New Year's Eve is a big occasion and one of the highlights of the season. Buckwheat noodles are eaten during the day or the evening to ensure prosperity and longevity. The noodles are called toshikoshi soba and are very long - to signify hope for a loooong life.

Many people gather with their families on New Year's Eve to watch the Red and White Karaoke Festival ( Kohaku uta gassen ) broadcast by the national television station, NHK. Another popular New Year's Eve program is the K1 which Yoshi and I watched this year - far more aggressive, but lots of lovely six-packs to ogle! As the evening goes on, some families will make an early start for the local Shinto shrine to welcome in the New Year. Others who want to visit more famous shrines will have arrived at their destinations and will be examining the delicious food available at the many stands set up on the walkways of the shrines. Yoshi and I went to the Ishikiri Shrine on January 1st. We ate my favorite vendor snack, tai-yaki (a fish shaped cake filled with baked azuki beans) and Yoshi got a big container of yaki soba.

At midnight, the Buddhist temples toll out the requisite 108 peals on their bells summoning in the New Year. T.V. stations broadcast the centers of activity at the various major shrines around the country and show the ringing of the massive temple bells at famous temples. People at the shrines get as close as they can to the main altar and throw coins and paper money at the doorsteps of the shrine. After making their offering, they clap their hands to summon the gods, then pray.

Having offered their prayers, many people will draw their fortune from one of the stalls staffed by shrine maidens in white kimonos. After paying a small sum to be allowed to draw one's fortune, a box containing bamboo sticks with numbers is shaken until the tip of a stick with a number pokes its way through the hole at the top of the box. The shrine maiden looks at the number then gives the drawer a paper with a fortune printed on it corresponding to the number on the stick. After reading the fortune, many people tie it on a branch of a tree near the shrine, this is most useful if the fortune was less lucky than people hoped. Tying it to a branch near the shrine makes it luckier. I got a normal Blessing (kichi, 吉), which is considered pretty good, but I tied it to the tree anyway ;)

New Year's day is a quiet day, with most adults staying at home, watching T.V. or writing New Year's cards. Children receive monetary presents on New Year's day so young children often visit the local toy or candy stores which are open in anticipation of this. The children are given money in special small envelopes. Amounts are carefully noted by the parents, who have to keep track of the obligation toward the giver. This year, I was included in this event and was given a little envelope with some money (yay!) from Yoshi's mum - soooo lucky!

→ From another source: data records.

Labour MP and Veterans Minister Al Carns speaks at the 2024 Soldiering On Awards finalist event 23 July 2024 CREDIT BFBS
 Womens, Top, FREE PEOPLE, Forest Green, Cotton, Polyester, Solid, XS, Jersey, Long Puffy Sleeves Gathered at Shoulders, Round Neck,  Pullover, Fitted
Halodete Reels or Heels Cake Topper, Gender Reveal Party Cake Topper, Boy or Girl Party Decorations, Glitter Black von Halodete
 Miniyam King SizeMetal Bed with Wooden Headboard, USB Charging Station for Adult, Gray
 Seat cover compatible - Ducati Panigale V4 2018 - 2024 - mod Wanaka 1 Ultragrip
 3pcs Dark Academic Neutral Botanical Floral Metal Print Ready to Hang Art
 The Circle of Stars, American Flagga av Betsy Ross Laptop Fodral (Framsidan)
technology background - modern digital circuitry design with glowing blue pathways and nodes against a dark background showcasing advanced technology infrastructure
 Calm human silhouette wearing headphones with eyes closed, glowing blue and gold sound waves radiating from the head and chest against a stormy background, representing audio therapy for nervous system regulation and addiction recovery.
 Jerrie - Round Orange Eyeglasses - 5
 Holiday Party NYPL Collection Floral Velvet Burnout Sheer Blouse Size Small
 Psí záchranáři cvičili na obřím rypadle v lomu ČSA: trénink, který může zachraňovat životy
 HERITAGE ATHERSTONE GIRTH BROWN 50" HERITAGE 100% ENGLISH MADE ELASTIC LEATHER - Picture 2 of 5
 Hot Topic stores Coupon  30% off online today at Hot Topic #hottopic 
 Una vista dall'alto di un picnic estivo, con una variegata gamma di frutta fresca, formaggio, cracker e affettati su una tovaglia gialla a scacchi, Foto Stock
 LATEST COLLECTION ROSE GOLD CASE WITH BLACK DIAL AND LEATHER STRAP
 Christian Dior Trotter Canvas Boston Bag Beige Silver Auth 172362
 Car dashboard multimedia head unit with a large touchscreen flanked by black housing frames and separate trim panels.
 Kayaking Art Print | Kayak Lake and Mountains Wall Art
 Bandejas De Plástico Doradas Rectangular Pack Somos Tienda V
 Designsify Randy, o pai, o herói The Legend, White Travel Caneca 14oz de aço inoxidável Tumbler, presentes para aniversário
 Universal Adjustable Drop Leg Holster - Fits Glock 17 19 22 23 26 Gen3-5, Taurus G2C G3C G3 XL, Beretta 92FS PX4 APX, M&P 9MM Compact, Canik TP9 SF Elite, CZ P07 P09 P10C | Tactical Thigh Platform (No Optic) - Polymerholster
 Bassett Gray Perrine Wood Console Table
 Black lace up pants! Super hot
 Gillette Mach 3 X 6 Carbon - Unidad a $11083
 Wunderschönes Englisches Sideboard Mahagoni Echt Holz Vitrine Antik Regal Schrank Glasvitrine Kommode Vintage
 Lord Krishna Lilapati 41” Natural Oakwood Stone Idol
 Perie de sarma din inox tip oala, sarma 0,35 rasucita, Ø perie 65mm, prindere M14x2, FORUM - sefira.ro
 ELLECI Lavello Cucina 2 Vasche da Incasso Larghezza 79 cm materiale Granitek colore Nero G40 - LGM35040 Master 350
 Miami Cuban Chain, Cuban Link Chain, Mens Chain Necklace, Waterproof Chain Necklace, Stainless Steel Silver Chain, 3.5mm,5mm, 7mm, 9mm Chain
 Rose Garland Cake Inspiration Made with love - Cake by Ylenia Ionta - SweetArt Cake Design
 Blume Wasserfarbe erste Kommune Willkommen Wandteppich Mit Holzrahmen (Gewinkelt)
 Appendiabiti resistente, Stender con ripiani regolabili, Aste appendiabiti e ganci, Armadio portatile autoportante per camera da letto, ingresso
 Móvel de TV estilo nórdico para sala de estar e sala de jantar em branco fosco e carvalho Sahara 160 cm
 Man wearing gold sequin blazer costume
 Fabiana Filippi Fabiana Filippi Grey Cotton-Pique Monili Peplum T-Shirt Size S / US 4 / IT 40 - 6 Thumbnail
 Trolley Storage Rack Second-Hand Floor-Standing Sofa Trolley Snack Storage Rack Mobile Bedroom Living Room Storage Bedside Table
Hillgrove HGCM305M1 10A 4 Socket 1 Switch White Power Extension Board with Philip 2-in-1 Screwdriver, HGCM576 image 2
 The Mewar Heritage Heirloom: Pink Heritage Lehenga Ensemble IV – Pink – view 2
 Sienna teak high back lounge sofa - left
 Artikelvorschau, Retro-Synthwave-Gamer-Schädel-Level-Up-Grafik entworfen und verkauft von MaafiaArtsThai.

On the 2nd and 3rd days of the New Year, people start to visit friends, go shopping (many retail stores have begun to open on the 2nd due to the economy), or just continue to watch television.

Food during the New Year's tends to be special as well. Traditionally, New Year's food is placed in nestable, laquered boxes. These boxes contain food which does not spoil easily and which can obviate the need for cooking for the holidays. Contents vary from region to region, but popular items include candied black beans, fish eggs attached to seaweed, kelp, and fish. Another popular New Year's food with a regional flavor is the New Year's soup known as ozoni. In West Japan, it tends to be made with a soybean paste base giving it a whitish appearance, whereas in East Japan it tends to be made of fish stock making it more like a clear broth. This soup is usually eaten on New Year's Day, making it more of a family-oriented dish.

Visitors during the New Year's can be expected to be treated to a saucer of Japanese sake. Lovers of alcoholic beverages are encouraged to drink as much of whatever they favour and it is not unusual to find many inebriated folks making their way home on the trains and streets during this period.

All in all, japanese New Year is quite similar to Christmas back in New Zealand. It is a very family-oriented time, lots of food and drink is consumed, and many people who are not overly religious during the year, make a point of visiting shrines and temples to pray for the coming year!